Smelling a Rat   2 comments

Felipe del Bosque Blog Feb 7th 2011

Boa constrictor

A Light Sprinkling

The temperatures continue to rise with daily highs in the region of 94 °f (23°C).  The rains have all but stopped, any precipitation now being negligible, a result of early morning condensation.  This is regular dry season weather; hot, dry and sunny.  It also means that the forest floor is rapidly drying up.  In the gardens around the Bosque restaurant, the gardening team has set up the water sprinklers which come on at night providing a little light refreshment for the thirsty plant life.

Otter and Skunk

the beginning of the month, generally finds me making that once a month trip into town to purchase another 30 days supplies of non comestibles.  On this occasion, while approaching a small river that we have to cross, we noticed something running upstream in the shallow water.  This time of year the water level is low and therefore too shallow for anything of great size to swim.  This particular creature despite having its head beneath the surface, we could make out as an otter, a Neotropical Otter.  It was running against the current and more than likely chasing small fish.  It came out of the water, turned around, walked back and entered the water again, repeating the cycle of activity.  I have lived here for eleven years and this was my first ever sighting of an otter.

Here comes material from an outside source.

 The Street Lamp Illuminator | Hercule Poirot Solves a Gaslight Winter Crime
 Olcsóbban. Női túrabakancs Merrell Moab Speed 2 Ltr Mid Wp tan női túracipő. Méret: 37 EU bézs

A few days later, while lying in my bed, having just retired for the evening, I could hear something snuffling around outside my cabin.  As I was not quite asleep, I got out of bed, took my flashlight and went outside to see what it could be.  The stems of the heliconias were shaking as whatever it was moved through, so I just stood and waited.  Emerging from the vegetation in front of me was a Striped Hog-nosed Skunk.  It paid me no heed whatsoever and continued on its nocturnal perambulations into the forest.

The Boa Bar – Quite Literally

One night in the restaurant, halfway through the evening meal, a group of seated diners became distracted by movement in the roof above their heads.  Moving sinuously and furtively from the dry leaves of the thatch was a juvenile boa, (Boa constrictor).  It provided not a little consternation and a great photographic opportunity.

Two days later the boa turned up in the aptly named “Boa Bar”.  We had some Danish visitors staying at the lodge who had previously visited us ten years earlier.  On the occasion of their first visit, I had found a large boa with which the two young girls had been photographed, me holding its head.  Now ten years later and in their late teens, they could recreate the scene but with a decade of difference between.

A Profusion of Biodiversity

On one morning tour as the group I was leading exited the Zapatero Trail into the Tropical Garden, we had a big monkey performance.  Spider Monkeys manically made their way swinging through the tree tops, psychotically screaming and screeching as they went, in typical Spider Monkey fashion.  A troupe of Howler Monkeys languidly sat at the top of a large fig tree, tolerant of the Spider Monkey antics, so long as they didn’t get too close.  At a lower level, at the where the forest edge borders the garden, a large troupe of Squirrel Monkeys searched for insect prey.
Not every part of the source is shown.